KIBI Network Specifications :: Kixt

Kixt Formatting and Controls

Abstract

The following specification defines standardized meanings for a number of characters common to all control compatible character sets.

1. Introduction

1.1 Purpose and Scope

Although the Kixt Transmissions specification defines a number of characters for use when transmitting Kixt documents, it fails to define any characters (or sequences thereof) for controlling the applications or devices which interact with them. This specification fills that gap by defining a set of Kixt controls which must be supported by any [terminal-compatible] character set. It also defines a number of commonly-used format characters for use in documents and transmission.

1.2 Relationship to Other Specifications

This specification is a part of the Kixt family of specifications. It builds upon and expands many of the definitions established in Kixt Transmissions. However, the behaviours specified here are not transmission-specific, and may conceivably be applied in other contexts, for example in messages sent to a device from an external input method.

Like Kixt Transmissions, this specification is built upon RDF technologies.

In this document, the following prefixes are used to represent the following strings:

Prefix Expansion
kixt: https://vocab.KIBI.network/Kixt/#

2. Conformance

For a Kixt charset, the Kixt controls are precisely the set of codepoints of the characters given in the https://charset.KIBI.network/Kixt/Controls charset. For Unicode, the Kixt controls are the set of codepoints mapped to by the characters in this charset, treated equivalently. For other character sets, the Kixt controls are not defined by this specification.

Although it is possible to define other characters in a Kixt charset which map to Unicode codepoints which are Kixt controls, such characters are not Kixt controls themselves.

Kixt controls are not necessarily control characters proper; they also include data characters, messaging characters, format characters, noncharacters, and others. The transmission characters are a subset of the Kixt controls for use in transmissions.

A character set defined by a Kixt Charset Definition is control compatible if and only if:

The Unicode character set is assumed to be control compatible. Whether other character sets are control compatible is left undefined by this specification.

This specification refers to all Kixt controls using the names and codepoints given in https://charset.KIBI.network/Kixt/Controls. However, these names are not normative—and in Unicode contexts, the corresponding Unicode codepoints should be handled instead.

3. Control Characters

The Kixt controls which are control characters are defined as followed:

3.1 Transmission Characters

The Kixt controls which are transmission characters are intended for use in transmissions with the meanings assigned in Kixt Transmissions. No further definition of them is provided here.

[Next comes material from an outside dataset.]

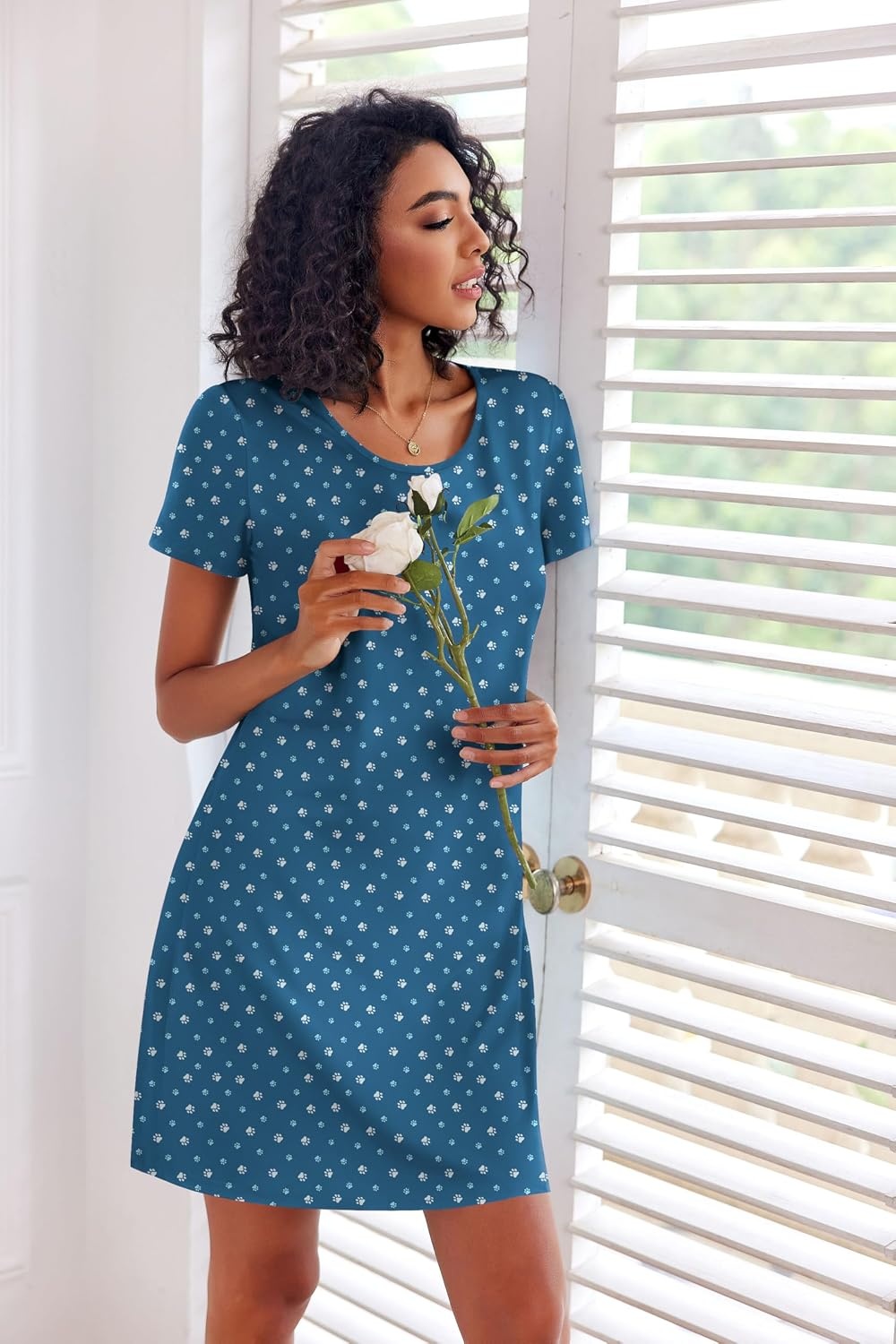 image:imageEkouaer 3 Pack Nightgowns for Women Short Sleeve Sleepshirt Night ShirtsPink FloralYellow FloralDog Footprints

3.2 Positioning Characters

The following characters change the position of a cursor within an application.

08 BACK
0A ADVANCE
80D8 FORWARD
80DA RETRACT

These characters incrementally change the cursor position. The terms forward and back refer to a change forwards or backwards in the inline direction. The terms advance and retract refer to a change forwards or backwards in the block direction.

This functionality is typically provided on keyboards through the arrow keys.

09 NEXT
0B LINE NEXT
80D9 PREVIOUS
80DB LINE PREVIOUS

These characters seek the cursor forwards or backwards to the next stop, the meaning of which is implementation-defined. 09 NEXT and 80D9 PREVIOUS give the inline direction precedence when seeking. 0B LINE NEXT and 80DB LINE PREVIOUS give the block direction precedence when seeking.

This functionality is typically provided on keyboards through the Tab and Numpad Enter keys.

0C PAGE END
0D LINE START
80DC PAGE START
80DD LINE END

These characters skip the cursor forwards or backwards to certain predefined locations in a document. For 0D LINE START and 80DD LINE END, these locations are the beginning and ending of the current line. For 80DC PAGE START and 80DD PAGE END, these locations are the beginning and ending of the current page.

This functionality is typically provided on keyboards through the Page Down, Home, Page Up, and End keys.

3.3 Operational Characters

The following characters affect the high-level operations of an application.

11 BOOT

This character requests a boot (or reboot) of the current application.

12 RESUME

This character requests that a suspended application resume operations.

13 SUSPEND

This character requests that an application suspend operations, to be resumed later.

14 HALT

This character requests that an application cease operations.

80D7 INTERRUPT

This character requests that an application cease its current operations and await new instructions. This differs from 13 SUSPEND in that the application is left in an active, rather than suspended, state.

This functionality is typically provided on keyboards through the Pause/Break key.

3.4 Deletion Characters

The following characters signal an application to delete content.

80DE IGNORE

This character indicates that the character which follows the cursor is in error and should be deleted.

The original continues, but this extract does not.